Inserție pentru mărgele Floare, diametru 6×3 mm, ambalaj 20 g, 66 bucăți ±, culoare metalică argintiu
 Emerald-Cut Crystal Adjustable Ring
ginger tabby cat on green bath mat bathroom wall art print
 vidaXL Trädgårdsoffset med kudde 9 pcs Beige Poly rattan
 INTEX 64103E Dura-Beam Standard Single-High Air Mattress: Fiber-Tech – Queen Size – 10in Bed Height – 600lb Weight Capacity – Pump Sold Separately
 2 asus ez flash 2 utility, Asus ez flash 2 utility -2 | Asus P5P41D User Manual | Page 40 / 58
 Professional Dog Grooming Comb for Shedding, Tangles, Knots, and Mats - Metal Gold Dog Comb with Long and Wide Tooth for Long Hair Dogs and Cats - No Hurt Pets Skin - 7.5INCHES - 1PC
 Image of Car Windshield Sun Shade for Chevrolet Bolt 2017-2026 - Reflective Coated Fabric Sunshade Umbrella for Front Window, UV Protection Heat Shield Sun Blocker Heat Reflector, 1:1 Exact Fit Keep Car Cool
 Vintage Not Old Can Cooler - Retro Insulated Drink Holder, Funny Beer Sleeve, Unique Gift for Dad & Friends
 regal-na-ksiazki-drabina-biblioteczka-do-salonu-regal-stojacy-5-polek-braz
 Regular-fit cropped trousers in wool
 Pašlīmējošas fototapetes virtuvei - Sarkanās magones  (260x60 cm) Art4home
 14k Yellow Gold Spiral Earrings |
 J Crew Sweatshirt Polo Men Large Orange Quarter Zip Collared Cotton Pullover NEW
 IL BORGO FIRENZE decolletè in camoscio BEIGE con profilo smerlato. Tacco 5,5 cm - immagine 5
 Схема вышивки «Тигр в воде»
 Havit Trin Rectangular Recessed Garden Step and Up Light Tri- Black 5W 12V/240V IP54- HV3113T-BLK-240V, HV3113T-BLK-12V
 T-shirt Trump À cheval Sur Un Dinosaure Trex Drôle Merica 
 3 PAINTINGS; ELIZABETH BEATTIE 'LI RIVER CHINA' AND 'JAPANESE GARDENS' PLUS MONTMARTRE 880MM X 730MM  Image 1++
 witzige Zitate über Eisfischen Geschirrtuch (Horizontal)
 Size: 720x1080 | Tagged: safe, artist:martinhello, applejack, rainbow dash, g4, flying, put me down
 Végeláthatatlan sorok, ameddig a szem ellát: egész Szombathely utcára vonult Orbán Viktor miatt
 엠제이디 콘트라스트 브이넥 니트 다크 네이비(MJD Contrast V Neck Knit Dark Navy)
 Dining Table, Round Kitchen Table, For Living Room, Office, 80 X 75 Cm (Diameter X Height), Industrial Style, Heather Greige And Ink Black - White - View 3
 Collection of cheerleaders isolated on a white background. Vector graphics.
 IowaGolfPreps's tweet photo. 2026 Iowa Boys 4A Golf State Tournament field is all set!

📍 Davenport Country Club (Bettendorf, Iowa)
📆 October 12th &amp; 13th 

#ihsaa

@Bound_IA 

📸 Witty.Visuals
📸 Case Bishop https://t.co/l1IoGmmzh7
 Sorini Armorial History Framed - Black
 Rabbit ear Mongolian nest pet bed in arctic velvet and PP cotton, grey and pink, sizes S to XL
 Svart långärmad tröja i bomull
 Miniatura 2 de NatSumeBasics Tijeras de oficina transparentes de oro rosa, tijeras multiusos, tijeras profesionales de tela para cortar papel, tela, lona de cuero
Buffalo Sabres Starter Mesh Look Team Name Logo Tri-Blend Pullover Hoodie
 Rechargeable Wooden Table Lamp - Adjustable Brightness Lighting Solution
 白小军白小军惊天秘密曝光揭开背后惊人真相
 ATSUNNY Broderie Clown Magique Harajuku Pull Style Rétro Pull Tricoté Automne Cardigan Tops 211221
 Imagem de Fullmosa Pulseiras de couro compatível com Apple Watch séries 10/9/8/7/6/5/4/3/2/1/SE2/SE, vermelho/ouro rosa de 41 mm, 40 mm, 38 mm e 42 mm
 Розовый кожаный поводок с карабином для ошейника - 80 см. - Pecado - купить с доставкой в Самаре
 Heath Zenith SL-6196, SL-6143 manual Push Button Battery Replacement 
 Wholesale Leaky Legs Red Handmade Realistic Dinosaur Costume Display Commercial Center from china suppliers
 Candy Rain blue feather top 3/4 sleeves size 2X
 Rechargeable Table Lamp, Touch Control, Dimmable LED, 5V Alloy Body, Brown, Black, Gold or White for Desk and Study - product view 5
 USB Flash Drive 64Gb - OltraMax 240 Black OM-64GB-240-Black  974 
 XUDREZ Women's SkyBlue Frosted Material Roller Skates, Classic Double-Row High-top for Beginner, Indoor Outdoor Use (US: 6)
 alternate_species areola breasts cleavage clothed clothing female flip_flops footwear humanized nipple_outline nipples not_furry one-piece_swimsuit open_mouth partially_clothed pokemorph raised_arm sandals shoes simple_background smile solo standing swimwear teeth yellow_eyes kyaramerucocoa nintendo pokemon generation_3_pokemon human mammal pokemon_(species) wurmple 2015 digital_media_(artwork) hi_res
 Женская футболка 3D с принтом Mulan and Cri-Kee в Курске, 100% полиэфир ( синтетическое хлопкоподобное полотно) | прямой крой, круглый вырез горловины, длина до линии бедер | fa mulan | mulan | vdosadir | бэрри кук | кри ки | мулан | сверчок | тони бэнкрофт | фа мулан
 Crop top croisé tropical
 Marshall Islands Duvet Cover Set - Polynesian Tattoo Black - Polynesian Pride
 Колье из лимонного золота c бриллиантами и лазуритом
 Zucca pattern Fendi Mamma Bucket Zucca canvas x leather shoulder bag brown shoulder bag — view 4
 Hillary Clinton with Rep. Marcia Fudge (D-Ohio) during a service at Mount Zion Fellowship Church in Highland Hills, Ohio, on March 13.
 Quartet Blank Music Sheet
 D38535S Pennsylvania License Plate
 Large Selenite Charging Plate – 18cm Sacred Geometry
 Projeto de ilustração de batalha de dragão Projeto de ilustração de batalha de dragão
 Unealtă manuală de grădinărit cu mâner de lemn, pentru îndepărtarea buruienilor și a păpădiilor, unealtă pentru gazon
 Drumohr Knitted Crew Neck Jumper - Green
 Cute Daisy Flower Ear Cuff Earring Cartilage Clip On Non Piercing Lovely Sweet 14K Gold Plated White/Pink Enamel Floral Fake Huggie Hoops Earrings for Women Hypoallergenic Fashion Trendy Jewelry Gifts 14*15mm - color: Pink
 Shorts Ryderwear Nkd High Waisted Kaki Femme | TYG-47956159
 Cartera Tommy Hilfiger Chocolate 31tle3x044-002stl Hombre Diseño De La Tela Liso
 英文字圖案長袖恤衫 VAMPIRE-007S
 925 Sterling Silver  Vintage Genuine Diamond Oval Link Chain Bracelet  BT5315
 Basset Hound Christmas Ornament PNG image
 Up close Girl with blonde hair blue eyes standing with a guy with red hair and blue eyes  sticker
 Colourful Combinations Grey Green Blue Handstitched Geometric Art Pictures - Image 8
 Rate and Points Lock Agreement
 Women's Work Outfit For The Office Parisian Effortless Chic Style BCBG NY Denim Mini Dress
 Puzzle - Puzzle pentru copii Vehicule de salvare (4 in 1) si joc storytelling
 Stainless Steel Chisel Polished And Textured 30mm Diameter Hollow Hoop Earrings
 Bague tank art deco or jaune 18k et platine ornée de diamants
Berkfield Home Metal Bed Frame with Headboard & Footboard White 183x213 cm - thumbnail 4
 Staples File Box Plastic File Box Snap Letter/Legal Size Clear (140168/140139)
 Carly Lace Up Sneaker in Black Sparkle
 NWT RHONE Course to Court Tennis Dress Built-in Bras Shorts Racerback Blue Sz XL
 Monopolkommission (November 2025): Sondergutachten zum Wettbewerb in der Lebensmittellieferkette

- - -

Give back every line of the listing where the word "Style" shows up.

 Dining Table, Round Kitchen Table, For Living Room, Office, 80 X 75 Cm (Diameter X Height), Industrial Style, Heather Greige And Ink Black - White - View 3
 ATSUNNY Broderie Clown Magique Harajuku Pull Style Rétro Pull Tricoté Automne Cardigan Tops 211221
 Women's Work Outfit For The Office Parisian Effortless Chic Style BCBG NY Denim Mini Dress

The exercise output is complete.